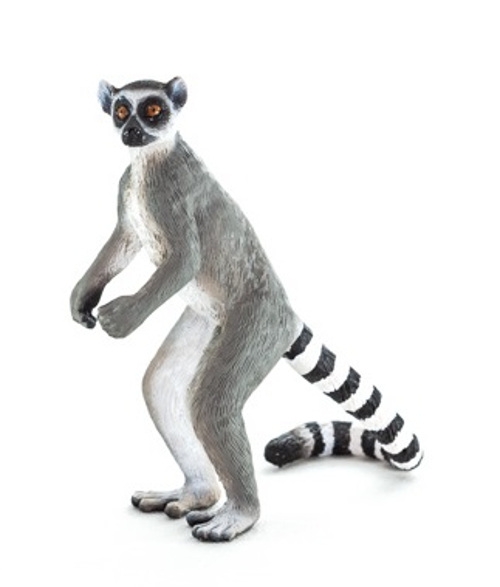 Ringtail lemur sunbathing in a tree - Lemur catta 41712197 Stock Video at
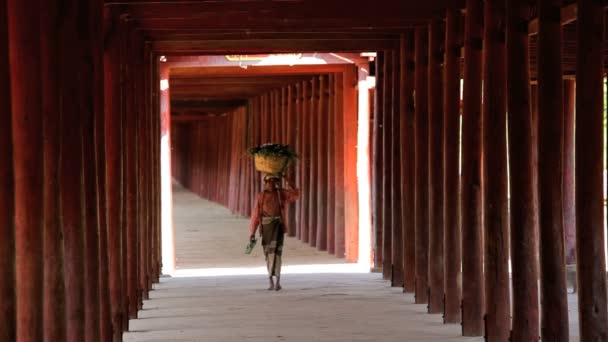 Woman carrying basket — Stock Video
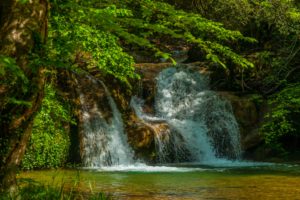 waterfalls, Spain, Garrotxa, Volcanic, Zone, Nature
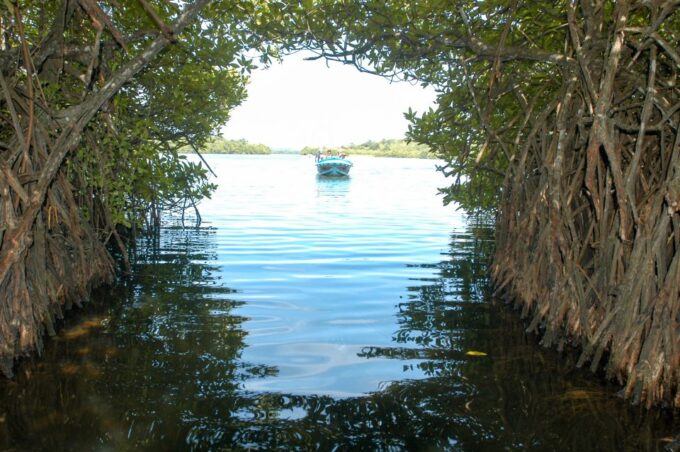 From Negombo: Bentota Full-Day Tour - Activities and Fees
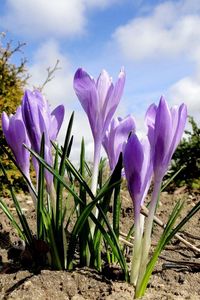 Preview wallpaper crocuses, flowers, spring, ground, sky, clouds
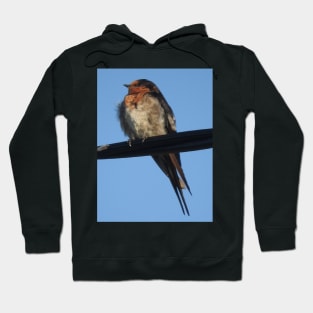 Welcome Swallow Hoodie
----
▶ [Instructions to follow]: Could you set down, exactly as written, every line from the one with "waterfalls, Spain, Garrotxa, Volcanic, Zone, Nature" to the end of the data, both ends included? Leave out the pictures.

▶ [Answer area]:
 waterfalls, Spain, Garrotxa, Volcanic, Zone, Nature
 From Negombo: Bentota Full-Day Tour - Activities and Fees
 Preview wallpaper crocuses, flowers, spring, ground, sky, clouds
 Welcome Swallow Hoodie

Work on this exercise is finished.